Well, before you start removing metal, have you tried using a good grease rather than oil on that part? It made a big difference for me.
I used some slide glide and slide glide lite. I think the lite worked better IMO.
The trigger pull basically has four parts as far as i can tell. the takeup that is mostly the trigger spring. Pushing up the FPS. Where the bent metal bit engages the sear, and moving of the sear.
between a buttload of dryfire with molly grease on parts that made contact (probably about 500-700 trigger pulls), removal and cleaning of striker, cleaning out of manufacturing grugne in the striker channel (was lots of plastic dust in there for some reason). I got it smoothed out a bit from box stock. There's stilla bit of gritty feeling that i believe is the FPB being pushed up the last little big while you start to engage the sear.
I think the FPB would benefit form a chamfer rather than a bevel, and a good polish. Jusding from the dryfire ith it coated in molly grease, the FPB rotates during use (deliberately or not i dont know). Which meand a bad hand "chamfering" via dremel might do bad things to the trigger pull.

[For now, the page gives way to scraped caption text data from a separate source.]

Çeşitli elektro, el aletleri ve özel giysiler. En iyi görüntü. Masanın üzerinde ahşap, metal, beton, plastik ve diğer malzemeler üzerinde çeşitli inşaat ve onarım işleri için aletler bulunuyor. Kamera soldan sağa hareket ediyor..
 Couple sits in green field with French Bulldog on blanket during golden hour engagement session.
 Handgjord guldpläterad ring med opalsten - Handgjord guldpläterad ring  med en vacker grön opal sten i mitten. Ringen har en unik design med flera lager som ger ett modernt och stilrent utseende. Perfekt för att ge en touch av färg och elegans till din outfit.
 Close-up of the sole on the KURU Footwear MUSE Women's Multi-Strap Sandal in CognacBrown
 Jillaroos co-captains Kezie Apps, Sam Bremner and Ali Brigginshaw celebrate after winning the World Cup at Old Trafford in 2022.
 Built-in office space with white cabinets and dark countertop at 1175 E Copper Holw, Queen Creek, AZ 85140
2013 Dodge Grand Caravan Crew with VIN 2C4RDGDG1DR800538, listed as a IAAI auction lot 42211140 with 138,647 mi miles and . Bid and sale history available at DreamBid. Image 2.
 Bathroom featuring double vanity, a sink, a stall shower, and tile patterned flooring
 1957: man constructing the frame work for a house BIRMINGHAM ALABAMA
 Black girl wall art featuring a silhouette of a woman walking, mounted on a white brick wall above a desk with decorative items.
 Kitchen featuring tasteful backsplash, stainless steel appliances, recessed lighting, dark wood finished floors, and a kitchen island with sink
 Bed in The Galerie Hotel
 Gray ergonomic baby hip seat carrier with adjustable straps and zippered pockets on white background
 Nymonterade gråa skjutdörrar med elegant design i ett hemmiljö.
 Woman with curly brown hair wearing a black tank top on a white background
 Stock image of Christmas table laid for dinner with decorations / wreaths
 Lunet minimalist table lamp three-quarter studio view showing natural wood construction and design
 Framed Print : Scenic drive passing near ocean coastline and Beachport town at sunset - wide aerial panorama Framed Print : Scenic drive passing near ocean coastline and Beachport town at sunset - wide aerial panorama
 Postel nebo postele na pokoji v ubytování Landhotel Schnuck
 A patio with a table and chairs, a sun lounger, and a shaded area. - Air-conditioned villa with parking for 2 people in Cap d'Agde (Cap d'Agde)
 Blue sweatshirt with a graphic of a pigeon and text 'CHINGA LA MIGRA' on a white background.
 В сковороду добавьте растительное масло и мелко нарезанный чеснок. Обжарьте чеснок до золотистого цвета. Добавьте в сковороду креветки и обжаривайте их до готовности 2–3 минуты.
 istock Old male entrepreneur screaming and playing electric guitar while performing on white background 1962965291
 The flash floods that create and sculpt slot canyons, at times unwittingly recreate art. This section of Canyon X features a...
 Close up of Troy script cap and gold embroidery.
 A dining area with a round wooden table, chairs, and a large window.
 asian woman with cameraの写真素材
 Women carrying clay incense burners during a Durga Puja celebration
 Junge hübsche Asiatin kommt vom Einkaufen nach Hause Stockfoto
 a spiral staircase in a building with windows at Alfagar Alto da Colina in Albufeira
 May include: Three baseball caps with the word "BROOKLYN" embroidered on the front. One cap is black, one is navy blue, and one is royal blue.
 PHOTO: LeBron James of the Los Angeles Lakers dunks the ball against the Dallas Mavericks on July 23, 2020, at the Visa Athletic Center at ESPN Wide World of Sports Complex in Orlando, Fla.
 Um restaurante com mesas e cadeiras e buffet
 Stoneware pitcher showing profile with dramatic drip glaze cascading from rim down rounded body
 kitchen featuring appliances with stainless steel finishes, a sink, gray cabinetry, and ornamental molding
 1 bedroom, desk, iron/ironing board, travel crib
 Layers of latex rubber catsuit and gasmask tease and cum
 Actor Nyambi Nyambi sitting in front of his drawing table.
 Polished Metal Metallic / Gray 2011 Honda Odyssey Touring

Later I stoned the nubbin on the trigger bar to get rid of the rough spots form being stamped. This gave me smooth surfaces but a sharp corner, which didn';t work out so well. then polished the sharp corner off and that fixed it. takeup/pretravel is smoother and more even than before, but the "notch" where it picks up the load of the striker spring is still there.
According to other folks, with a stock glock striker spring (5.5lb) and a lighter trigger spring, they have gotten the trigger down to a bit under 4lbs.
*edit* went back and checked, using a stock glock striker spring cut down to the M&P length, they are lighting off ammo reliably and with a stock glock trigger spring and polishing, have the trigger down to about 3lb 10oz. *edit*
I have a stock glock spring on order to try out. I'm not going to try polishing the FPB without having a spare.